20.000 Opfer?
Schulklassen im KZ Struthof

    In vielen badischen, Pfälzer, hessischen Schulen ist ein Besuch des ehemaligen Konzentrationslagers Natzweiler-Struthof im Elsass fester Programmpunkt für die achte, neunte oder zehnte Klasse. Die aufwändige Fahrt nach Auschwitz (Oswiecim) wird – wie in Breisach – nur für Freiwillige organisiert, doch mit dem Struthof kann den Kindern und Jugendlichen auch hier in der Nachbarschaft ein Ort deutscher Schuld präsentiert werden. Neben Schulklassen werden auch kirchliche und andere Jugendgruppen aus Südwestdeutschland und darüber hinaus ins ehemalige KZ in den Vogesen geführt, daneben kommen auch viele französische Gruppen.
    Immer wieder berichteten und berichten Artikel in der Badischen Zeitung und anderen Blättern, dass auf dem Struthof 20 bis 22 Tausend Deportierte umgekommen seien, so zuletzt die Beilage „Freiburger Stadteile“ der Badischen vom 20. 12. 2019. Stimmt das?
    Ich selbst besuchte den Gedenkort 2011. Das dort erhältliche deutschsprachige Faltblatt des „Centre européen du résistant déporté“ legte bei raschem Überschauen ebenfalls nahe, dass dort 52.000 Häftlinge gearbeitet haben und 22.000 umgekommen seien.
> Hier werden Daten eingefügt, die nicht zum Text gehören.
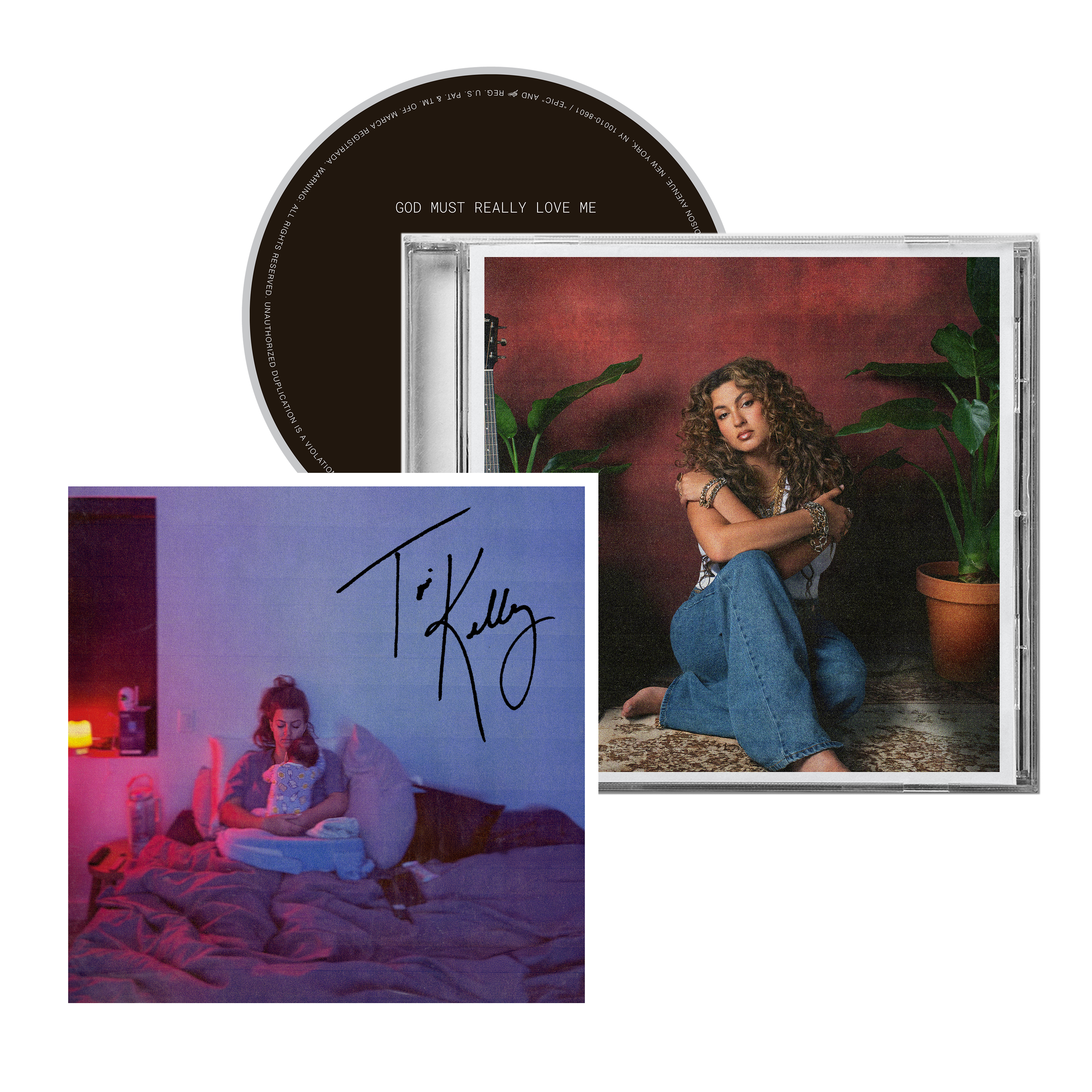 God Must Really Love Me SIGNED Store Exclusive CD – Tori Kelly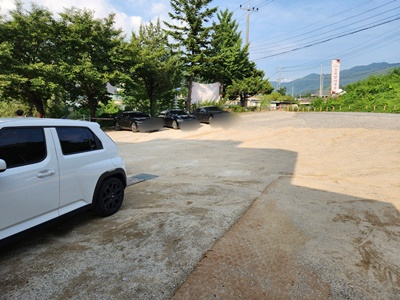 곰터먹촌주차장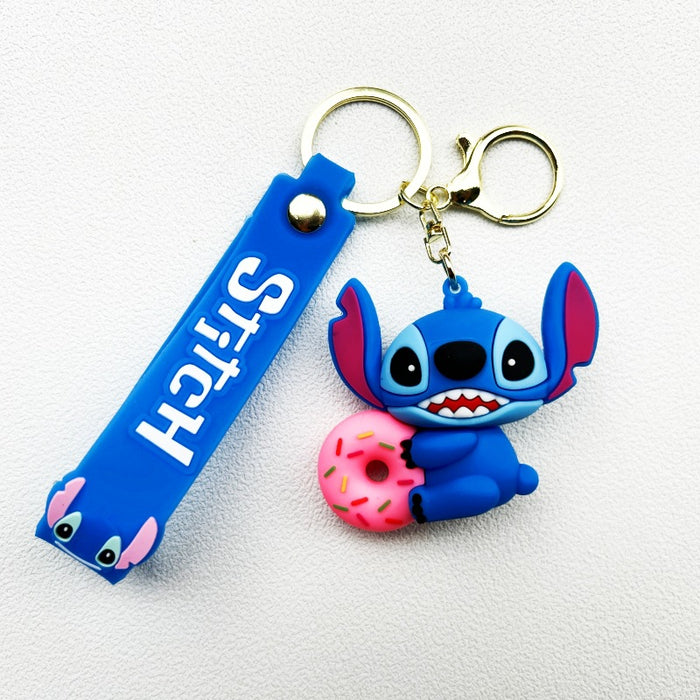 Wholesale PVC Cartoon Doll Keychain JDC-KC-WuYi143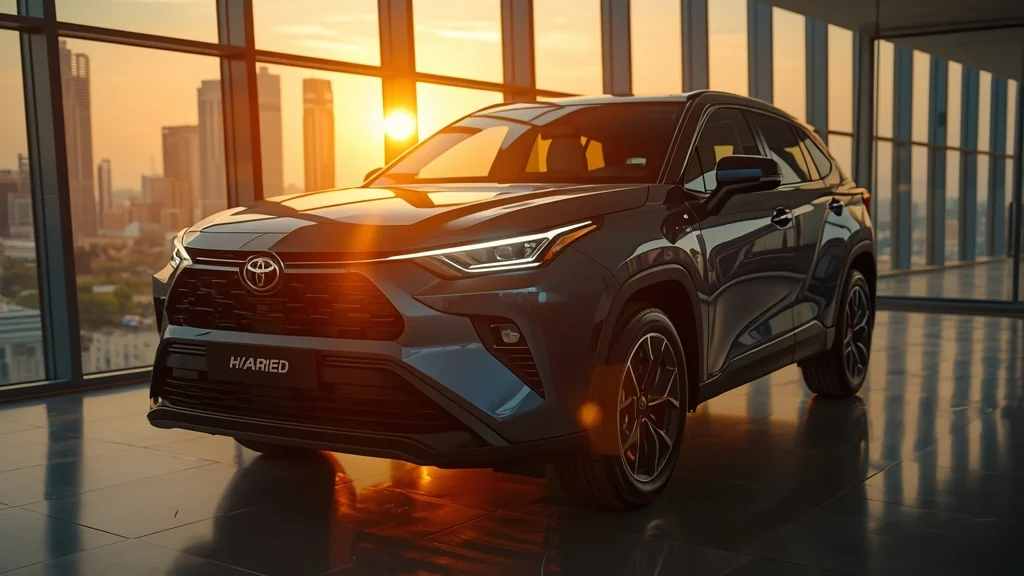 Toyota Harrier 2026, Toyota Venza, hybrid SUV, Malaysia car launch, 2.5 Hybrid engine, premium SUV price, Toyota Safety Sense 1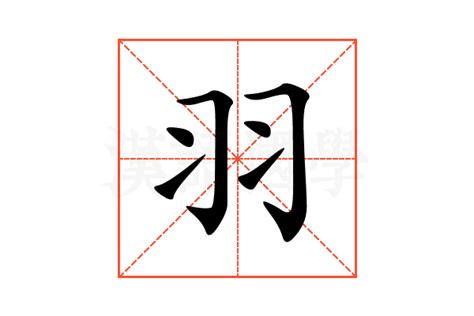 羽部的字|羽字旁 (羽部),偏旁部首为羽的字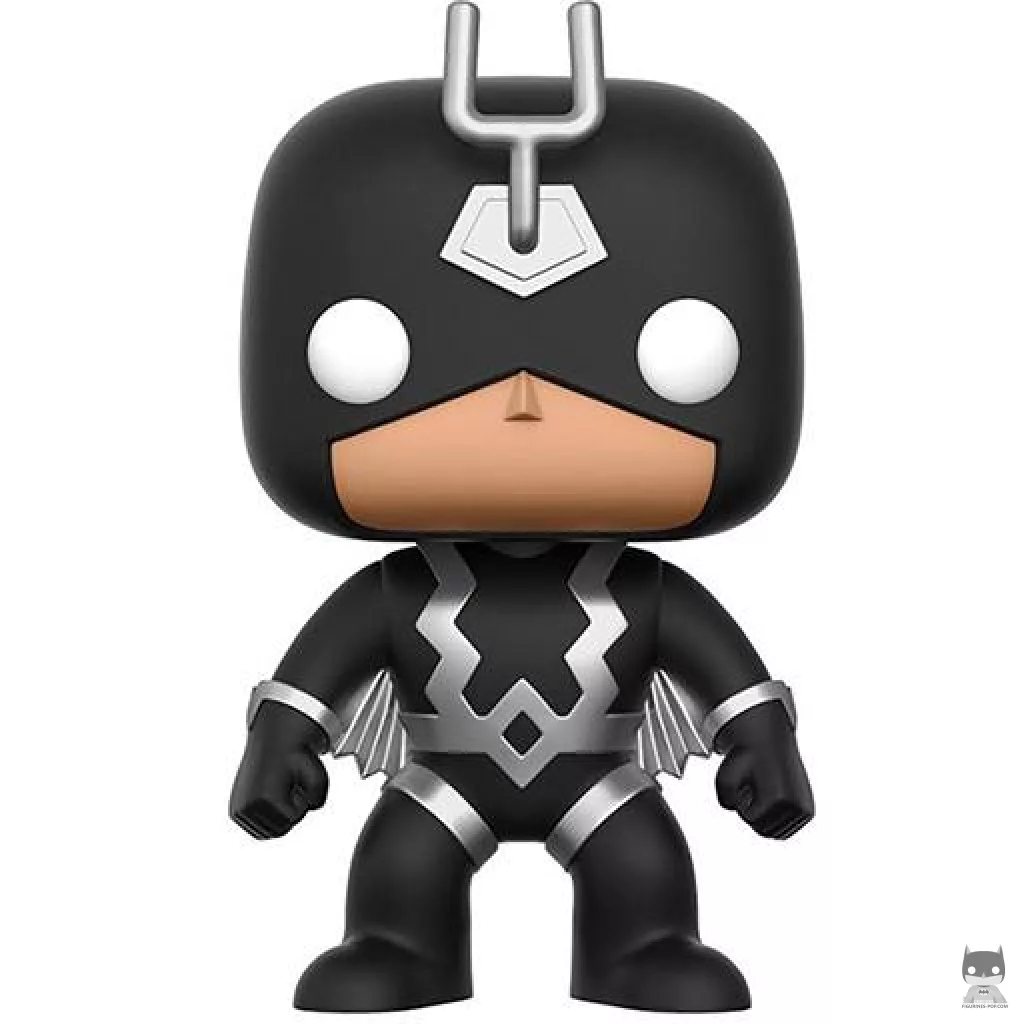Figura Funko Pop! Rayo Negro (Negro) (Marvel Comics)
Diese Zahlen erschienen mir unglaublich. In den auf dem Lagergelände befindlichen Baracken ist eine Ausstellung aufgebaut; Zeichnungen von Häftlingen zeigen, wie ihre Leidensgenossen von SS-Leuten bei der Arbeit furchtbar misshandelt werden. Ich sah mir dann die französischsprachigen Texte auf den Tafeln sehr genau an. Dort fand ich im „Kleingedruckten“ die genaue Aufschlüsselung der Opferzahl: Danach starben im Lager, dessen Gelände den jungen Besuchern gezeigt wird, über 3.000 Menschen, aber keine 22.000. Dem Hauptlager Struthof bei Natzweiler waren aber 70 Außenlager administrativ angegliedert, die sich vor allem in Württemberg und Hessen befanden, einige auch in Lothringen, im Elsass und in Baden. Auf dieses gesamte Lagersystem einschließlich dem Struthof bezieht sich die in der Ausstellung und in der Literatur angegebene Zahl von 52.000 Häftlingen und die Opferzahl von 22.000.
    Die 3.000 Menschen, die nach diesen Angaben an Hunger, Kälte, Erschöpfung und Gewaltanwendung im KZ Struthof sterben mussten, sind immer noch 3.000 zuviel. Und gerade, weil das so furchtbar und niederschmetternd ist, wäre ein sensibler und wahrhaftiger Umgang mit den Zahlen und Fakten nötig. Warum geschieht das nicht? Der gewöhnliche Journalismus und viele Lehrkräfte wissen sich auf einer antideutschen Welle so sicher, dass sie meinen, gar nicht mehr genau hinschauen zu müssen. Viele passen sich einfach dem Mainstream an. Die deutsche Schuld so finster und gewaltig als möglich zu zeichnen ist politisch gewollt.
    Ich halte es für richtig, unsere älteren Schüler einmal intensiv mit den Verbrechen des Nationalsozialismus zu konfrontieren und eine Fahrt zum Struthof, im Unterricht wahrheitsgemäß vor- und nachbereitet, könnte dafür geeignet sein. Dann müsste auch die meist verschwiegene Weiterführung des Lagers 1945 bis 1949 durch die Franzosen behandelt werden. Das „Centre Pénitencier de Struthof“ war ein Straflager, in dem tausende Elsässer, Franzosen und Deutsche Zwangsarbeit leisteten – viele dieser Gefangenen waren beim Kriegsende im Elsass als Kollaborateure denunziert worden. Viele von ihnen waren aus der elsässischen autonomistischen Bewegung, die in den 20er und 30er Jahren gegen die Ausradierung der deutschen Kultur im Elsass durch die Franzosen gekämpft hatte.
    Falsch finde ich unsere jahraus jahrein stattfindende tägliche Berieselung mit der deutschen Schuld in den Medien, in den Schulen, in kulturellen, auch kirchlichen Institutionen, die umso heftiger wird, je länger das verhängnisvolle Geschehen zurückliegt. Die Vermutung, die Martin Walser in seiner Frankfurter Rede äußerte, ist mitnichten abwegig. Er sprach mit Blick auf Auschwitz von einer "Dauerpräsentation unserer Schande". Er glaubte, entdecken zu können, „daß öfter nicht mehr das Gedenken, das Nichtvergessendürfen das Motiv ist, sondern die Instrumentalisierung unserer Schande zu gegenwärtigen Zwecken“.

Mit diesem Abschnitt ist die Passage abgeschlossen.